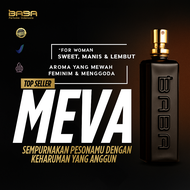 BABA Parfume Top Seller Aroma Meva Original Non Alkohol Parfum Wanita
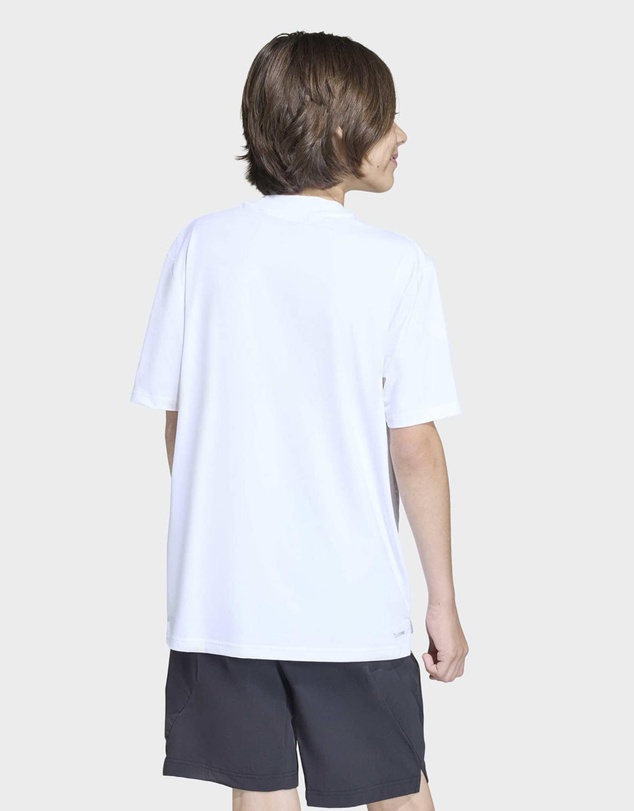 adidas Sportswear - Z.N.E. Stretch Tee - Kids-Teens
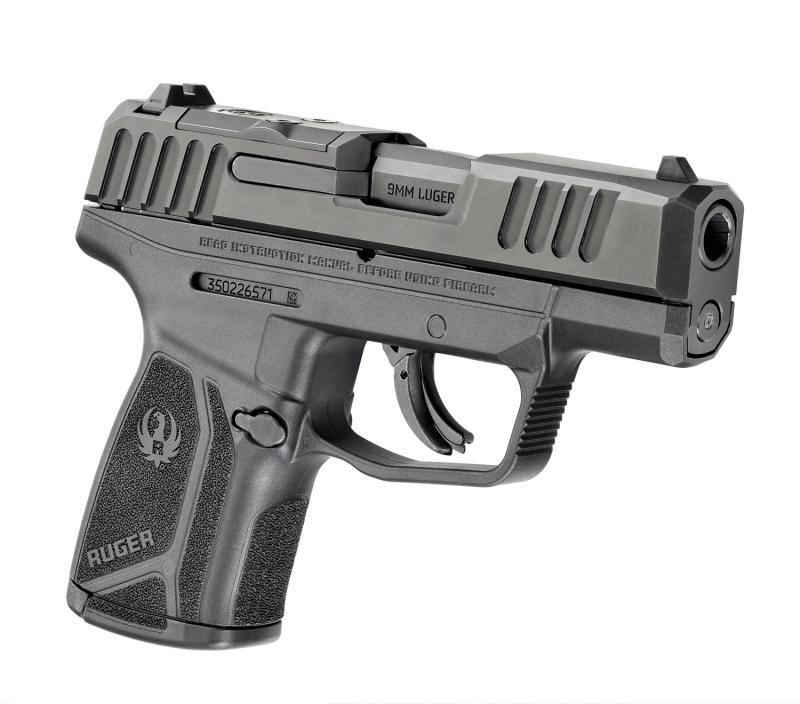 MAX-9Ž Pisztoly -  9mm Luger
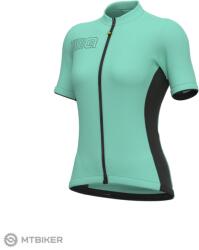 ALÉ Solid Color Block női mez, aqua (M)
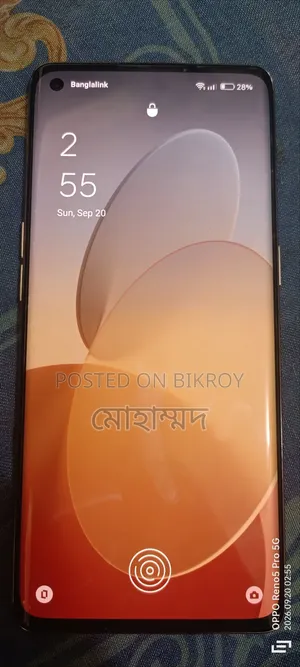 Oppo Reno5 5G 256 GB Silver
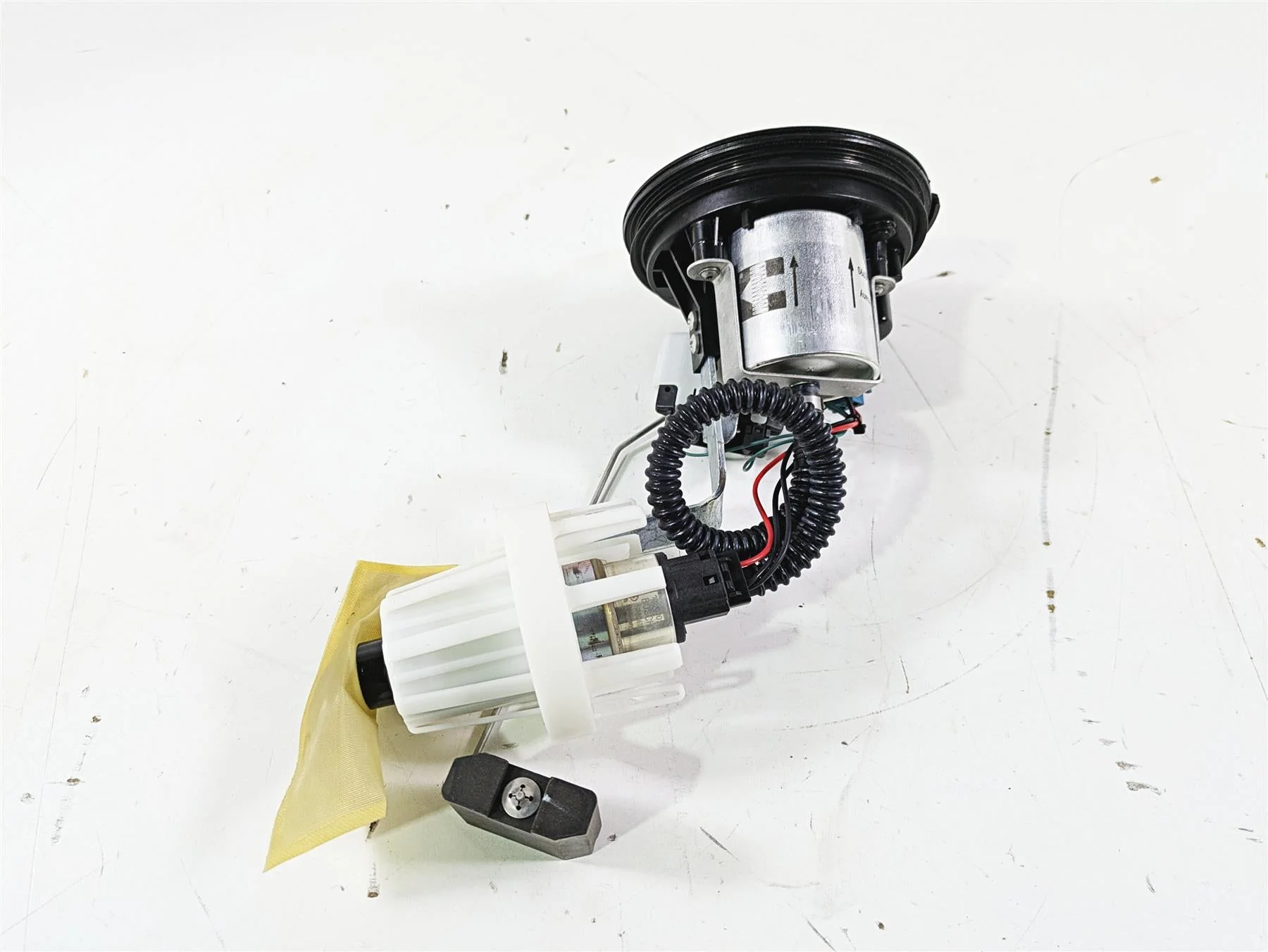 2016  BMW R1200GS GSW K50 Fuel Gas Petrol Pump & Level Sending Unit 16148521488 - Image 4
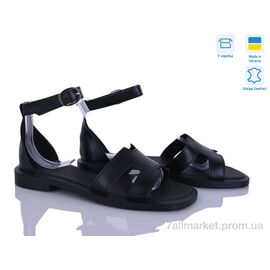 Фотография Босоножки женские летние Лето 318-2A (6 пар р.36-40) "Ailinda" недорого оптом от прямого поставщика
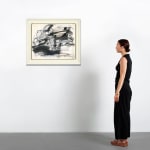 Mary Abbott, Untitled, 1989
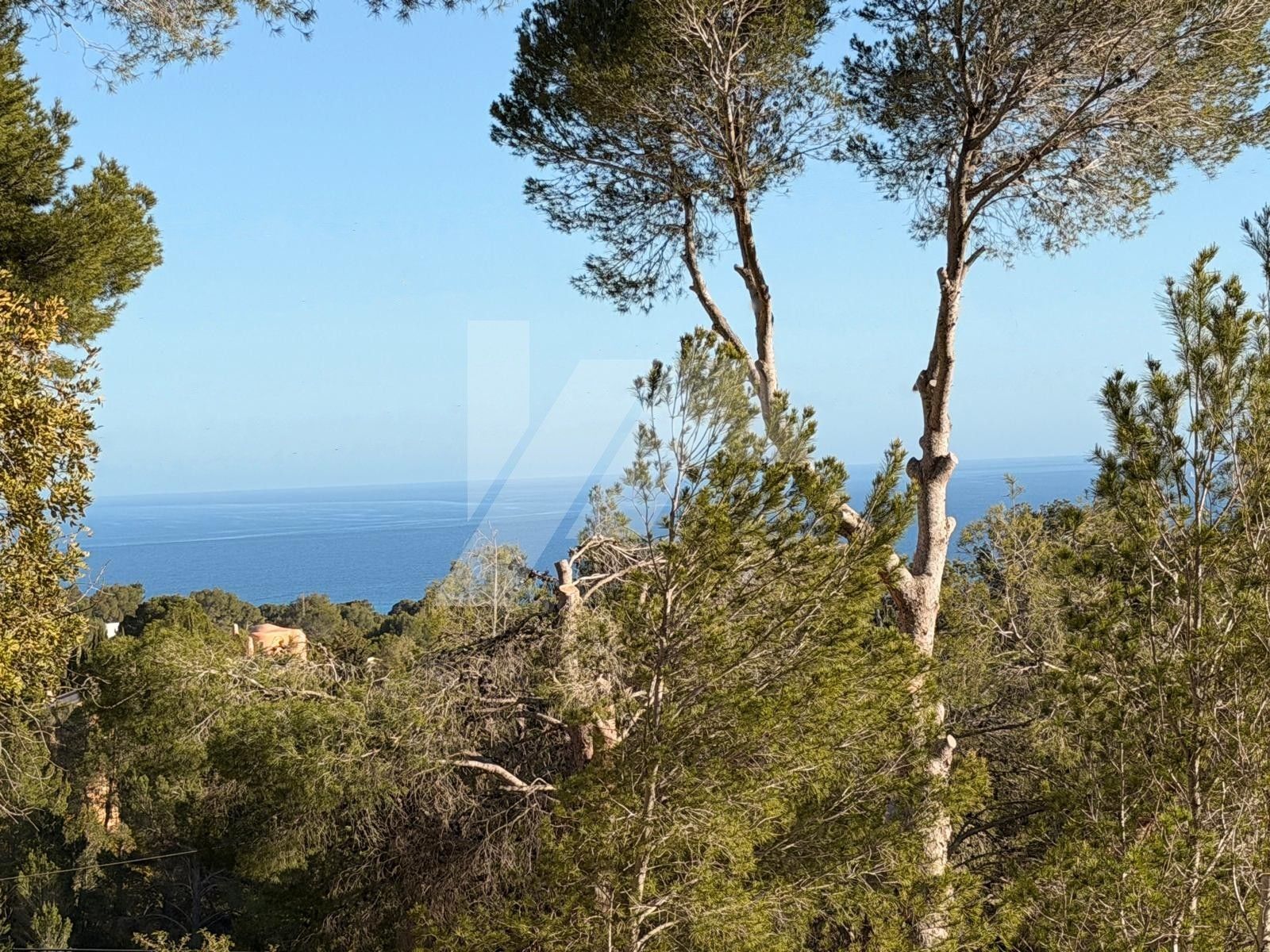 Parcela en venta en Altea, Costa Blanca.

▸ **EXERCISE INSTRUCTIONS**: Everything from the first line of the entries through the line that contains "16148521488 - Image 4" is to be reproduced exactly, except the pictures.

▸ **THE ANSWER**:
 BABA Parfume Top Seller Aroma Meva Original Non Alkohol Parfum Wanita
 adidas Sportswear - Z.N.E. Stretch Tee - Kids-Teens
 MAX-9Ž Pisztoly -  9mm Luger
 ALÉ Solid Color Block női mez, aqua (M)
 Oppo Reno5 5G 256 GB Silver
 2016  BMW R1200GS GSW K50 Fuel Gas Petrol Pump & Level Sending Unit 16148521488 - Image 4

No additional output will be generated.